Le flotteur sortit de la dernière courbe de l’abrupte Crête de Normork, et l’immense muraille de pierre de la cité de Normork surgit soudain devant eux, en plein milieu de la route qui les avait amenés du Château jusqu’à ce niveau inférieur du flanc du Mont. Le mur constituait une gigantesque et écrasante barrière de mégalithes rectangulaires noirs empilés sur une hauteur stupéfiante. La ville qu’il protégeait était totalement cachée à la vue, derrière.
— Nous y voilà, Normork, fit Dekkeret.
— Et qu’est-ce que cela ? demanda Dinitak Barjazid.
Dekkeret et lui voyageaient souvent ensemble, mais c’était sa première visite de la ville natale de Dekkeret.
— Ce petit passage est-il la porte ? Notre flotteur va-t-il vraiment pouvoir la franchir ? reprit-il.

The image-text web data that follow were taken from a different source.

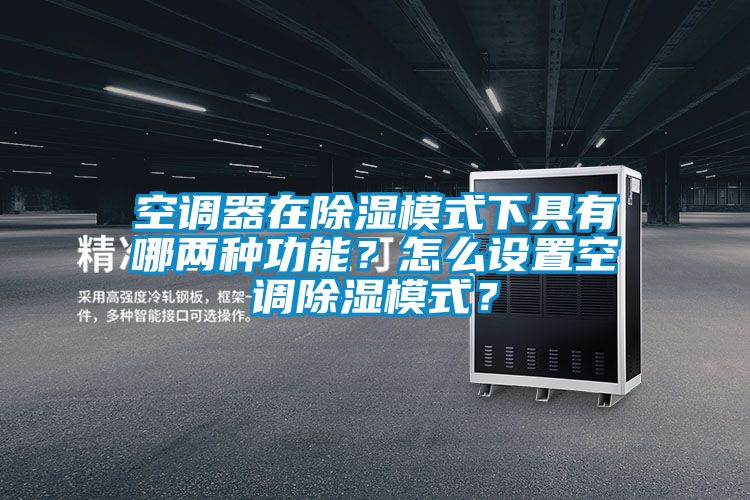 空調器在除濕模式下具有哪兩種功能？怎么設置空調除濕模式？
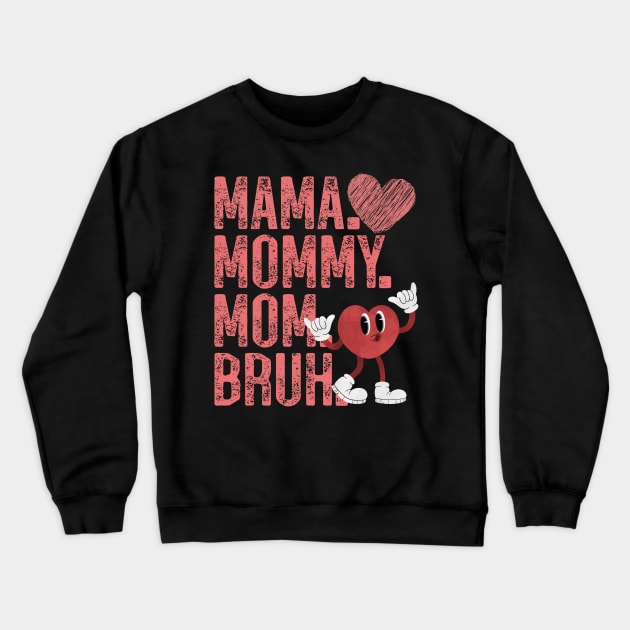 Mama Mommy Mom Bruh Crewneck Sweatshirt by Annabelhut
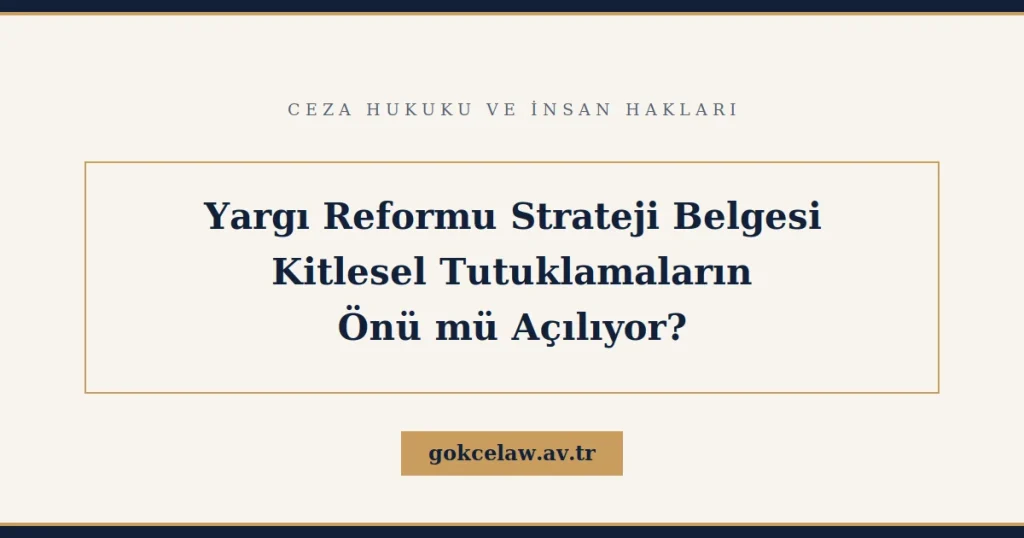 Yargı Reformu Strateji Belgesi ve Tutuklama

Frappé de stupeur, il regardait le misérable trou minuscule, ridiculement hors de proportion, comme rajouté après coup au pied de l’imposant rempart. Il semblait à peine assez large pour laisser passer un chariot de grande taille. Des gardes vêtus de cuir vert étaient figés au garde-à-vous de chaque côté. On n’avait de la cité cachée qu’un aperçu décevant encadré dans la petite ouverture : ce qui paraissait être des entrepôts et une paire de tours grises aux angles multiples. Dekkeret sourit.
— L’Œil de Stiamot, c’est le nom de cette porte. Un bien grand nom pour un orifice si insignifiant. Ce que tu vois est la seule et unique entrée de la célèbre cité de Normork. Impressionnant, n’est-ce pas ? Mais ce sera suffisant pour nous, oui. Pas de beaucoup, mais nous passerons.

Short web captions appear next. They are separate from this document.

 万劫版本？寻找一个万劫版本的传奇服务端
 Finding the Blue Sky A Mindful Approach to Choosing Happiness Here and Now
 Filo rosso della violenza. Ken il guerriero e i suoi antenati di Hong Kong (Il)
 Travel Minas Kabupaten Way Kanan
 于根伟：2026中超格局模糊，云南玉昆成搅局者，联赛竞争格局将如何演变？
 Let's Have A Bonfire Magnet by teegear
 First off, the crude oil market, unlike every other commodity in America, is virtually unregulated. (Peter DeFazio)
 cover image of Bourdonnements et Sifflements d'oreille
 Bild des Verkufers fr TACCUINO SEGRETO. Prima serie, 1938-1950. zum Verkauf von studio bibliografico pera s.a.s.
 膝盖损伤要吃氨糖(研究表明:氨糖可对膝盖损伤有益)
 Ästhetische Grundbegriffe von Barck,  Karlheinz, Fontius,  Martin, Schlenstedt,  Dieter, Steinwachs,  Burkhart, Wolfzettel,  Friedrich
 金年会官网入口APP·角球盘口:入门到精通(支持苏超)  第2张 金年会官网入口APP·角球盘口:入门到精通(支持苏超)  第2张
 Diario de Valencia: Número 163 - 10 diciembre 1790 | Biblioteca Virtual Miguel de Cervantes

— Étrange, fit Dinitak, alors qu’ils franchissaient l’arche en ogive et pénétraient dans la ville. Un mur aussi gigantesque et une porte aussi minable et dérisoire. Cela ne donne pas spécialement aux étrangers l’impression d’être les bienvenus, non ?
— J’ai des plans pour y remédier, quand l’occasion se présentera. Tu verras ça demain, répondit Dekkeret.
La raison de sa visite était la naissance du fils de l’actuel comte de Normork, répondant au nom de Considat. Normork n’étant pas une ville particulièrement importante, ni Considat un personnage clé de la hiérarchie du Mont du Château, d’ordinaire la seule manifestation officielle du Coronal, suite à la naissance de l’enfant, aurait consisté en un mot de félicitations et un joli cadeau. Elle n’aurait certes pas donné lieu à une visite d’État. Toutefois Dekkeret, qui n’avait pas vu Normork depuis de nombreux mois, avait demandé l’autorisation d’aller présenter personnellement les félicitations du Coronal, et avait emmené Dinitak pour lui tenir compagnie.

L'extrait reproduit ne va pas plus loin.